Istnieje kilka sposobów poprawiania i uszlachetniania starej runi przy pomocy zabiegów powierzchniowych. Nic musimy orać – czasem wystarczy samo bronowanie. Zabieg ten „wyzwala” nowe rośliny z nasion zalegających w glebie i przykrytych przez zwartą ruń.


Innym zabiegiem regenerującym ruń jest nawożenie podstawowymi składnikami N,P,K zawartymi w nawozach mineralnych lub organicznych. Nawozy powinny być stosowane w rozsądnych dawkach. Nawozy organiczne płynne lepiej jest stosować częściej w mniejszych dawkach niż rzadziej w dużych. Nawożenie organiczne bardzo dobrze sprzyja rozwojowi mikroflory glebowej, która to została wcześniej zrujnowana przez susze. Po suszy prawie nie widać pod darnią dżdżownic.


Spośród technicznych metod regeneracji najbardziej godnym uwagi jest podsiew.


Przed przystąpieniem do podsiewu wskazana jest lustracja na użytku i ocena jego wartości. W zależności od rodzaju gleby, stanu zadarnienia i degradacji użytku stosuje się bronę zębową, talerzową lub glebogryzarkę. Starą darń na glebach typu murszowego oraz murszowatego niszczy się średnią lub ciężką broną zębową. Przed bronowaniem na krzyż należy nisko przykosić rosnącą roślinność i usunąć skoszoną masę. W przypadku skępionej runi z dużą ilością nagromadzonej, martwej masy roślinnej, tzw filcu stosuje się glebogryzarkę lub ciężką bronę talerzową. Wykonując w ten sposób gryzowanie do głębokości 5 cm uzyskuje się pocięcie darni na drobne kawałki i przemieszanie jej z wierzchnią warstwą gleby.

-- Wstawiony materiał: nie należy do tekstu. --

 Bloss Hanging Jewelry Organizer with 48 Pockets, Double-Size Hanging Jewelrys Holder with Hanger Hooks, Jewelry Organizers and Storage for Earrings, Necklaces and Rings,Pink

Po tym zabiegu możemy się spodziewać szybkich rezultatów. Podsiew polega na siewie traw i motylkowych drobnonasiennych w starą, rosnącą ruń. Pod względem paszowym podsiew sprzyja rolnikowi, ponieważ nie powoduje żadnych przerw w użytkowaniu łąk i pastwisk. Jest łatwy w praktyce i tani. Ma jednak wadę, że nie zawsze się udaje.

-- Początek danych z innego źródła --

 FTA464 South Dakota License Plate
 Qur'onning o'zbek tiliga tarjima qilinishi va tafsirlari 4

Istnieje kilka sposobów podsiewu: prosty podsiew ręczny, przy pomocy siewnika rzutowego z wcześniejszym lub późniejszym bronowaniem, przy wykorzystaniu zwierząt lub za pomocą siewników specjalnych. Do podsiewu należy wybierać gatunki szybko rozwijające się po siewie i szybko rosnące. Pastwiska należy podsiewać kwaterami. Na l ha należy wysiewać od 10 do 15 kg nasion. Silniejszą suszę wytrzymują tylko trawy wysokie jako gatunki głębiej korzeniące się. Dlatego należy uzupełnić przede wszystkim gatunkami z grupy traw niskich. Wysiane nasiona muszą mieć dogodne warunki wzrostu. Musimy zdać sobie sprawę z tego, że nasiona traw nie kiełkują od razu, ale potrzebują do tego do trzech tygodni. Przy podsiewie zawsze chodzi o poprawienie składu botanicznego runi, co spowoduje poprawienie wartości paszy.